Interactive Metro Vancouver map shows dramatic effects of rising sea levels

METRO VANCOVUER (NEWS 1130) – Imagine it’s the year 2100 in Metro Vancouver and the shoreline sits well back from where it is today.

New interactive models suggest large parts of the Lower Mainland — including parts of North Vancouver, Richmond, Delta, South Surrey and Pitt Meadows — will be lost as global temperatures rise, if nothing is done to mitigate rising sea levels.

The science and news organization Climate Central has created interactive maps for Canadian cities showing how much more land will be underwater by the year 2100 if average global temperatures rise anywhere from a half to four degrees Celsius.

Worst case scenarios make Stanley Park an island and have salt water stretching as far inland as 184th Street and beyond in South Surrey.

John Clague, an earth sciences professor at SFU, says our oceans are getting an average of 3.3 millimetres higher every year, up from 2 millimetres late last century and the United Nations predicts the world’s oceans will be at least one metre higher by the end of the current century and up to four times that after another 100 years.

“I call it a disaster in slow-mo,” says Clague. “It is really a huge problem.

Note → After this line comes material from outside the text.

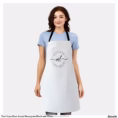 your_logo_here_script_monogram_black_and_white_apron-rff1d62777280476cb488f9ab73875db9_qjaq6_1500.jpg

It’s a global problem and the cost of dealing with this or not dealing with it, depending on what happens, is enormous.”

He points to a dire future in Vancouver.

“Metro Vancouver is the most vulnerable urban area in Canada to sea level rise,” he said. “We have about 250,000 people living within about a metre of mean sea level.”

The Paris climate change accord aims to stave off two degrees by the end of the century, but the UN warned last week the world has committed to only one-third of the emissions cuts necessary to meet that goal.